As they have fought a bitter war the body bags were returned to families who were deprived of the very person who might have helped them rebuild their futures. Sri Lanka's war has been a poor man's war although many from the middle classes and the governing classes too have sacrificed their lives in this bitter conflict.
Today many question if their lives are getting any better. In one recent survey of people living in the South there were some disturbing comments coming from ordinary people. One person said that "We do not know about peace. We only know that the cost of living is going up." Another commented that "We do not even have the time to check on peace. We are struggling with the war of living."
Whilst another said that "We do not know what is happening in this country. The only thing we know is that we will not have anything to eat and drink finally." It is to this aspect of the Peace Process that I would now like to turn.
After twenty years of war our economy has been devastated. Although the economic statistics for the third quarter of 2002 look encouraging the economy grew 5.3% during that quarter from a negative economic growth in the previous year. Inflation has been brought down to 9.6% from 14.5% and the budget deficit from 10.9% to 8.9%. Much of the economic growth for this quarter came from the service sector. This includes the fact that businesses can now operate throughout the country when before nearly a third of the country was not available to them.
In addition tourism appears to have grown by around 86% and the telecoms sector by 16.5%! Unfortunately this growth is not evenly distributed throughout the country. In addition the stabilisation measures instituted by the Government with IMF support resulted in all global commodity prices being passed straight to the local consumer.
The cost of living has begun to rocket and the people are increasingly frustrated. Furthermore the transitional dislocations associated with privatisation, deregulation and reforms have begun to bite. The poor of our country who expected a quick peace dividend are becoming increasingly impatient and frustrated. The Government is committed to our ambitious reform programme. We believe that long term gains require short term sacrifices. However it is imperative that we show the poor of Sri Lanka some level of hope in order to inspire them to stay the course. The prospect of a war in the Middle East which would entail increased petroleum prices destabilisation in the tea market and a possible impact on foreign remittances from Sri Lankans working in the Middle East is a serious threat to our fledgling recovery.
In the North and the East the whole zone is littered with hundreds of thousands of landmines which have made farming a dangerous occupation.
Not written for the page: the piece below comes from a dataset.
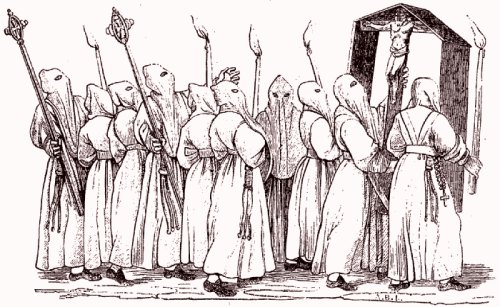 La procession des Pénitents blancs D'après une gravure satirique de 1583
In the past for security reasons the fisherman were prevented from fishing. Many of the towns and villages were razed to the ground or at best badly damaged. The concerns of the people in the North and the East are now turning to the economic struggle to survive.
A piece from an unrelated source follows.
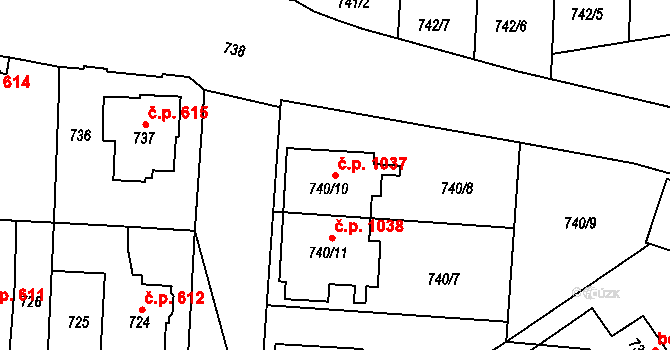 Jemnice 1037 na parcele st. 740/10 v KÚ Jemnice, Katastrální mapa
In the South many families have lost loved ones. The infrastructure is in poor condition and many of our families live on just a few rupees a week. Many of our children are malnourished and crime is on the increase as drugs and alcohol become the main source of comfort for a despairing youth.
Adding to this problem are the many hundreds and thousands of internally displaced people wishing to return to their homes in the North and the East. Whilst we have had some success in returning these families, many more have yet to be returned to their homes. It is against such a backdrop that the peace process has to find a way forward. If we are to succeed much relies on finding the elusive peace dividend that I mentioned earlier on which people can rebuild their lives.
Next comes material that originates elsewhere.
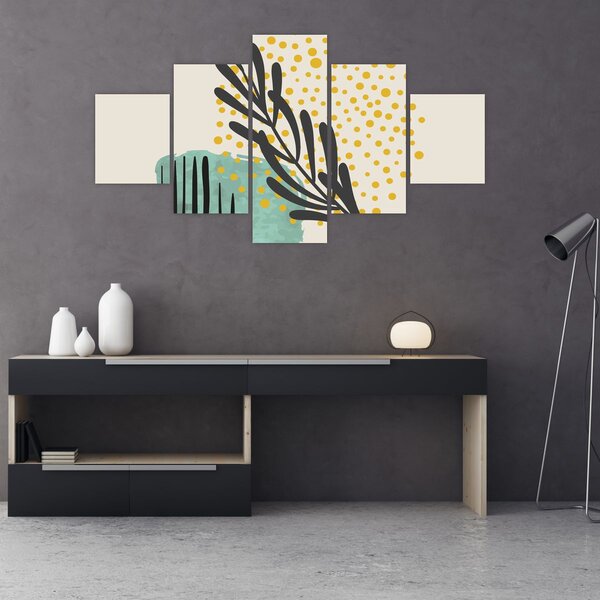 Obraz - Abstraktní listy N⁰3 (125x70 cm)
Nevertheless in just a few short months we have shown that there can be economic development. Without that economic development peace will be harder to achieve. The people feel as though we already have peace and it is our job to continually remind them that as yet we still have a cease fire only. And so it is that they continue to ask why it is that after a year of peace they are not reaping the benefits. The people are impatient and we have to manage expectations.
The international community has played a critical role in keeping the peace process on track. Despite the inevitable distractions elsewhere in the world we need that engaged approach to keep both the Government and the LTTE clearly focused on moving forward.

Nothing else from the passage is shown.